= Problem requirements =
This exercise needs all of the entries set down again, exactly as they read.

[Crawled caption data]
——

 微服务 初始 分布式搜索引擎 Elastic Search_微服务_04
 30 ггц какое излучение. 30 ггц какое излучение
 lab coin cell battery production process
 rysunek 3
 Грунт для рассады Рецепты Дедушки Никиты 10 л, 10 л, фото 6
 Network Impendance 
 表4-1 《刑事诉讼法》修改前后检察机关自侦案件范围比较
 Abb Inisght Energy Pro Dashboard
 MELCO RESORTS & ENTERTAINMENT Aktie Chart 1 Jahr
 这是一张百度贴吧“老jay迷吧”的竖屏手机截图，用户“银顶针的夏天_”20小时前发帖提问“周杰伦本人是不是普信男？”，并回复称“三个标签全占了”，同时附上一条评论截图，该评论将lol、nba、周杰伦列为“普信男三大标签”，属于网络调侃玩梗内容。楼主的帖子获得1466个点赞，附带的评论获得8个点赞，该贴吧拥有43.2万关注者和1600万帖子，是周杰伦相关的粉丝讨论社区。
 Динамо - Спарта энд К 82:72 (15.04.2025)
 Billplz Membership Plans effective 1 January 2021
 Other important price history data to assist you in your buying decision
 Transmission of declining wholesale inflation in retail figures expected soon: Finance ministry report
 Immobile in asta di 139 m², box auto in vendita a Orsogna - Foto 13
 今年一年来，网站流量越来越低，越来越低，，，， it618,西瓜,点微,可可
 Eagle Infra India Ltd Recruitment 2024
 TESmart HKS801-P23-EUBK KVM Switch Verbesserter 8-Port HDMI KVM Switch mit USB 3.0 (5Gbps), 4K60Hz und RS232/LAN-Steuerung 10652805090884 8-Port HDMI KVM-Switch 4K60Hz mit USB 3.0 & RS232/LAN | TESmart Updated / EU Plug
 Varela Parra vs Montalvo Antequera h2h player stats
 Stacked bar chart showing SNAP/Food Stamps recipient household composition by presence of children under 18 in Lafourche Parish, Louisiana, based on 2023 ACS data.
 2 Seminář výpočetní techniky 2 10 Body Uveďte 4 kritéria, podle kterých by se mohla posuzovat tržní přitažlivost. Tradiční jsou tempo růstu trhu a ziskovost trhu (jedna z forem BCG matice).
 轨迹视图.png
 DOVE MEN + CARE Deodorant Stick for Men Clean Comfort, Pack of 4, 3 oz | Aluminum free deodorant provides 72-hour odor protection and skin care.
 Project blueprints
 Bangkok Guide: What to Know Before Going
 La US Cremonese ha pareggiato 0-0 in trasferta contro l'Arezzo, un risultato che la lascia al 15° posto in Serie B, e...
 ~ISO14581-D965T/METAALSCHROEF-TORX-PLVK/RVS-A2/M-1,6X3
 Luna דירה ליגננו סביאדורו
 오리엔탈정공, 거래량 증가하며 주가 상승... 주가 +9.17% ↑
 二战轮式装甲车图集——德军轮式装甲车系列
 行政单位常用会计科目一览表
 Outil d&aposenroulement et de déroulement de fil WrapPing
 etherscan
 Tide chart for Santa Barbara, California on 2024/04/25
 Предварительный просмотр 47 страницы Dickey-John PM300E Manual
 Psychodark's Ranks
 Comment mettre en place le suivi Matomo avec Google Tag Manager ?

——

= Response below =
 微服务 初始 分布式搜索引擎 Elastic Search_微服务_04
 30 ггц какое излучение. 30 ггц какое излучение
 lab coin cell battery production process
 rysunek 3
 Грунт для рассады Рецепты Дедушки Никиты 10 л, 10 л, фото 6
 Network Impendance 
 表4-1 《刑事诉讼法》修改前后检察机关自侦案件范围比较
 Abb Inisght Energy Pro Dashboard
 MELCO RESORTS & ENTERTAINMENT Aktie Chart 1 Jahr
 这是一张百度贴吧“老jay迷吧”的竖屏手机截图，用户“银顶针的夏天_”20小时前发帖提问“周杰伦本人是不是普信男？”，并回复称“三个标签全占了”，同时附上一条评论截图，该评论将lol、nba、周杰伦列为“普信男三大标签”，属于网络调侃玩梗内容。楼主的帖子获得1466个点赞，附带的评论获得8个点赞，该贴吧拥有43.2万关注者和1600万帖子，是周杰伦相关的粉丝讨论社区。
 Динамо - Спарта энд К 82:72 (15.04.2025)
 Billplz Membership Plans effective 1 January 2021
 Other important price history data to assist you in your buying decision
 Transmission of declining wholesale inflation in retail figures expected soon: Finance ministry report
 Immobile in asta di 139 m², box auto in vendita a Orsogna - Foto 13
 今年一年来，网站流量越来越低，越来越低，，，， it618,西瓜,点微,可可
 Eagle Infra India Ltd Recruitment 2024
 TESmart HKS801-P23-EUBK KVM Switch Verbesserter 8-Port HDMI KVM Switch mit USB 3.0 (5Gbps), 4K60Hz und RS232/LAN-Steuerung 10652805090884 8-Port HDMI KVM-Switch 4K60Hz mit USB 3.0 & RS232/LAN | TESmart Updated / EU Plug
 Varela Parra vs Montalvo Antequera h2h player stats
 Stacked bar chart showing SNAP/Food Stamps recipient household composition by presence of children under 18 in Lafourche Parish, Louisiana, based on 2023 ACS data.
 2 Seminář výpočetní techniky 2 10 Body Uveďte 4 kritéria, podle kterých by se mohla posuzovat tržní přitažlivost. Tradiční jsou tempo růstu trhu a ziskovost trhu (jedna z forem BCG matice).
 轨迹视图.png
 DOVE MEN + CARE Deodorant Stick for Men Clean Comfort, Pack of 4, 3 oz | Aluminum free deodorant provides 72-hour odor protection and skin care.
 Project blueprints
 Bangkok Guide: What to Know Before Going
 La US Cremonese ha pareggiato 0-0 in trasferta contro l'Arezzo, un risultato che la lascia al 15° posto in Serie B, e...
 ~ISO14581-D965T/METAALSCHROEF-TORX-PLVK/RVS-A2/M-1,6X3
 Luna דירה ליגננו סביאדורו
 오리엔탈정공, 거래량 증가하며 주가 상승... 주가 +9.17% ↑
 二战轮式装甲车图集——德军轮式装甲车系列
 行政单位常用会计科目一览表
 Outil d&aposenroulement et de déroulement de fil WrapPing
 etherscan
 Tide chart for Santa Barbara, California on 2024/04/25
 Предварительный просмотр 47 страницы Dickey-John PM300E Manual
 Psychodark's Ranks
 Comment mettre en place le suivi Matomo avec Google Tag Manager ?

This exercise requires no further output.